Bankers and consultants expected the Covid-19 pandemic would hamper mergers and acquisitions in the wealth management industry, and it did. Deal volume fizzled in the second quarter. They also predicted the momentum of the industry itself would quickly restore deal activity and that prophecy is also becoming a reality. But now that negotiations have resumed, the M&A landscape has materially changed.
There were a total of 35 deals in the second quarter, down 20% quarter-over-quarter and down 34% compared to the second quarter of 2019, according to Echelon Partners, a boutique investment bank that publishes the industry’s most inclusive report on mergers and acquisitions.
Still, Echelon estimates there will be 184 deals in 2020, down slightly from a record 203 in 2019. Deals are months in the making and even a pandemic and historic market downturn (especially one followed by a swift recovery in equity markets) weren’t going to stop deals already underway.
“It’s not like baking a cake, you don’t start it one morning and finish it in the afternoon. It’s a nine to 12 month process,” Dan Seivert, the founder and CEO of Echelon Partners, told RIA Intel.
In the spring, many sales talks were paused while advisors tended to clients and evaluated their businesses but activity rebounded and was strong in May, June, and July, according to Seivert.
A report published Tuesday by Fidelity Investments supported that trend, Scott Slater, a vice president of Practice Management & Consulting at Fidelity Institutional, the investment firm’s custody business, wrote in a note about the report. Slater focuses on the mergers and acquisitions of RIAs at the company. “The strong activity seen over the past two months resembles the healthy M&A market experienced throughout 2019.”
But while deal volume is returning to a previous state, the competitive landscape is evolving and taking new form.
“The competitiveness has never really been higher,” Seivert said. “What you used to have was contenders and pretenders, much like ESPN talks about sports competitions” and that’s no longer the case.
At one point, well before the pandemic, only about 15 wealth managers had the resources and capabilities to routinely acquire others and aggressively fend off competitors. Now, there are more than ever before, a group of about 40 firms with teams dedicated to mergers and acquisitions and “they are all trying to do six to 12 deals per year,” Seivert said.

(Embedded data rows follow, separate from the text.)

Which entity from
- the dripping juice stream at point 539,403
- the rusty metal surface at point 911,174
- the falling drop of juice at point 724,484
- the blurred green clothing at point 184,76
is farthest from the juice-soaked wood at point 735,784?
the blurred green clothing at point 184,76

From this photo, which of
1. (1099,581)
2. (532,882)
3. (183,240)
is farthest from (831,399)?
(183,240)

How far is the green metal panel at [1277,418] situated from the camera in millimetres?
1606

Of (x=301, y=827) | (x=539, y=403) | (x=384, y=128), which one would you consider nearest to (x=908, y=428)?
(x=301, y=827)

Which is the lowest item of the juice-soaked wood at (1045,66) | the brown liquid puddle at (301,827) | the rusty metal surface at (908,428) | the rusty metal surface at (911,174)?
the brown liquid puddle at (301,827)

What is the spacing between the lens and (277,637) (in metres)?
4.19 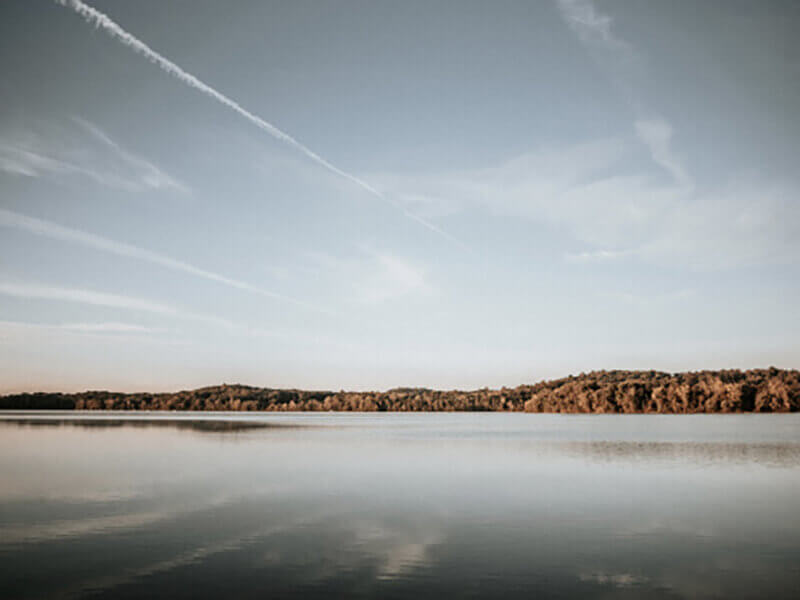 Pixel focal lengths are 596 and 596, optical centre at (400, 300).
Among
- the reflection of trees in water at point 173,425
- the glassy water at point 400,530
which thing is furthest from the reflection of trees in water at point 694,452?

Meanwhile, accessibility to debt and equity capital is the best it has ever been in the industry, Seivert said. Lower interest rates have helped cash take a greater precedence in deal structures. There are now roughly 200 private equity firms active in the wealth management industry, he added.
As a result, more competitive deals are happening and leading more advisors to consider selling, something they were dragging their feet doing last year.
Within cross-sections of wealth management M&A, venture capital investments in so-called wealthtech companies are off from a record in 2019. But the market for TAMPs, or turnkey asset management platforms, is red hot. “There’s so much going on that it’s hard to even know where to start,” Mike Wunderli, a managing director at Echelon Partners, told RIA Intel last month.